In the late 1890s Orthodox Jews in St. Louis, Missouri, constructed the first documented eruv in the United States. An eruv is an enclosure created using existing buildings and engineering structures such as utility poles and lines that allows observant Jews to carry things during the weekly Sabbath. Jewish religious law rigidly divides public and domestic spheres and prohibits work and carrying outside of the home during the Sabbath. To extend the domestic sphere into otherwise public spaces like sidewalks and yards, Orthodox Jews devised the eruv to expand territories restricted by rigid religious laws.
The first eruvs constructed in the United States were located in densely populated urban areas with large concentrations of Jews, mainly European immigrants who had brought with them eruv building traditions and generations city living experience.
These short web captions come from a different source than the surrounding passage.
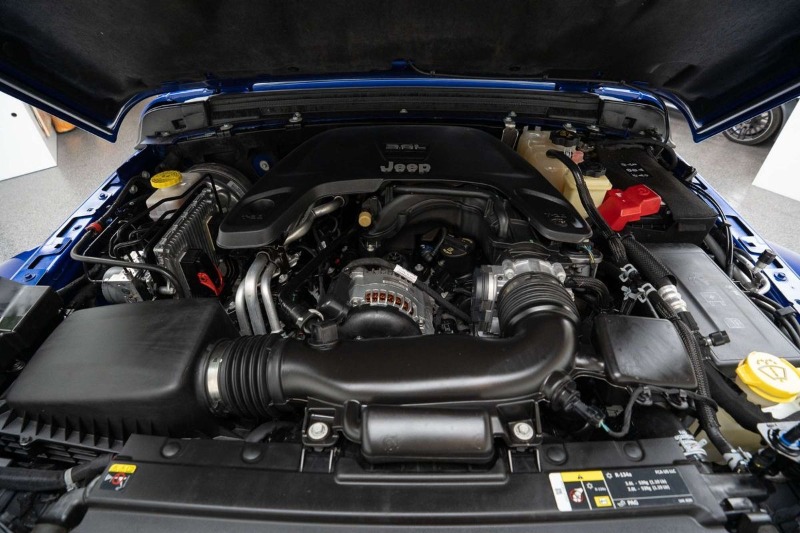 
								Jeep Wrangler Rubicon Recon JL full									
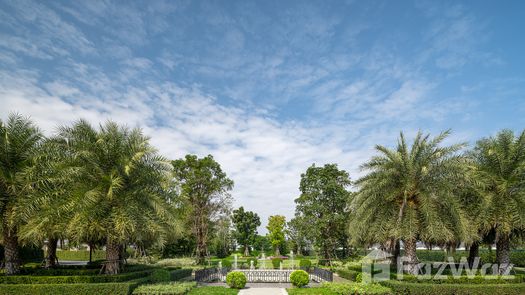 图片 1 of the 公共花园区 at Perfect Masterpiece Rama 9 - Krungthep Kreetha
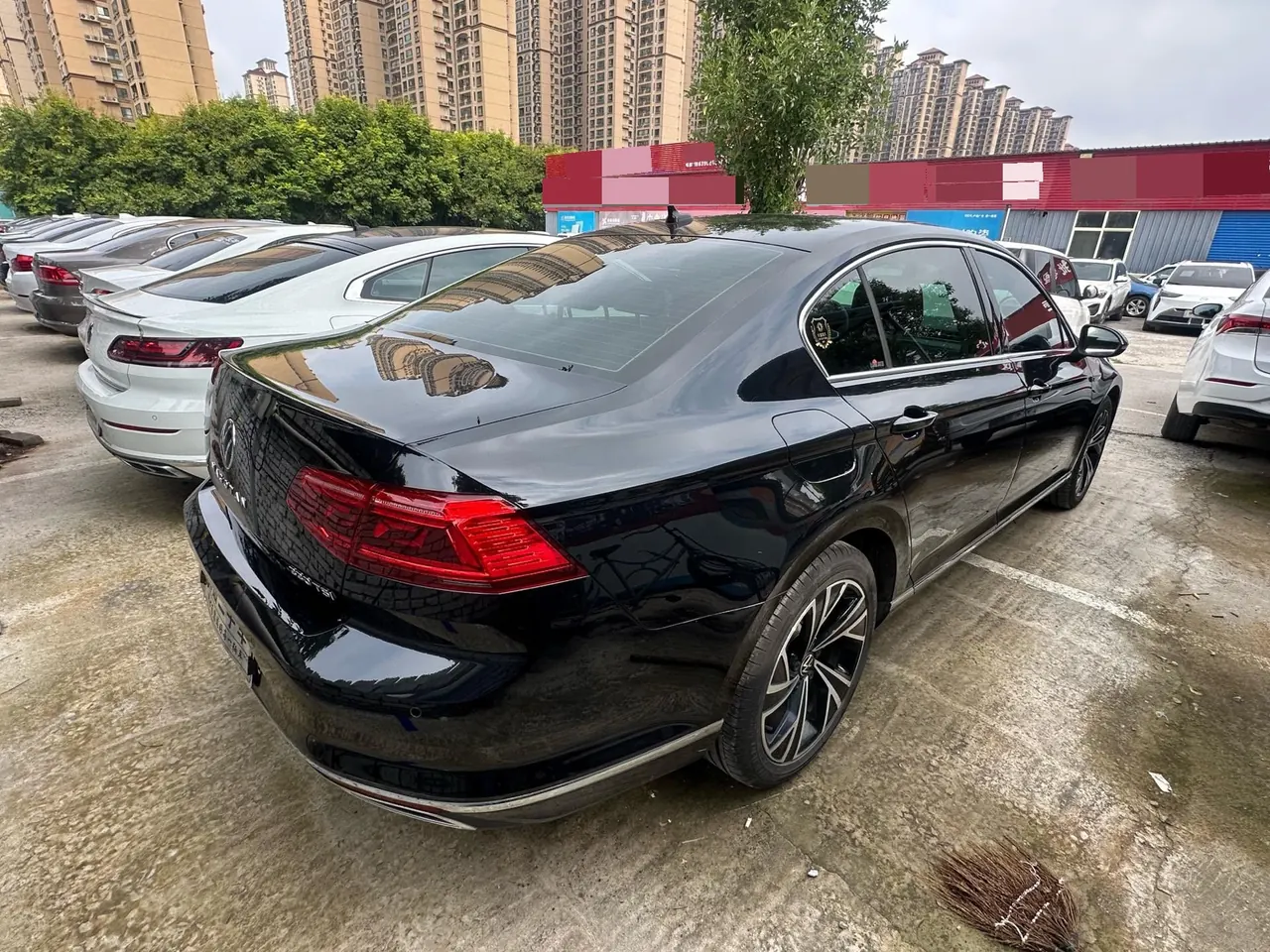 Volkswagen 2020 Magotan 2.0TSI 330TSI luxury automatic transmission 5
As American cities expanded with suburbanization and Jews moved to sprawling subdivisions after World War II, new settlement patterns emerged with large concentrations of Jews living within walking distance to synagogues. Despite the walkability afforded by proximity, however, many Orthodox women with young children could not leave the home during the Sabbath and social events like community meals were difficult, if not impossible, to organize and attend.
This paper examines eruvs as postwar suburban cultural landscapes. Research in suburban Washington, D.C., and Atlanta, Georgia, among the people who build, maintain, and inspect the eruvs will be used to show how existing suburban landscapes with strip malls, freeways, and subdivisions are remade to conform to the complex rules governing eruvs. Interviews were conducted with the rabbis and congregation members responsible for the eruvs. Realtors who sell homes in eruv communities and the families who live there also were interviewed. This paper uses documentary research and the interviews to show how eruvs create, extend, and maintain community among Orthodox Jews.
Eruv checkers in the Washington suburbs and in Atlanta were accompanied as they performed weekly inspections to ensure that the eruvs were Kosher for the Sabbath. An eruv is a binary artifact: it is valid, i.e., Kosher, or it is not. For the eruv to exist, its boundaries — which consist of utility lines, highway sound walls, fences, and simple string — must be unbroken. Videos document how the checkers inspect and make repairs to the structures.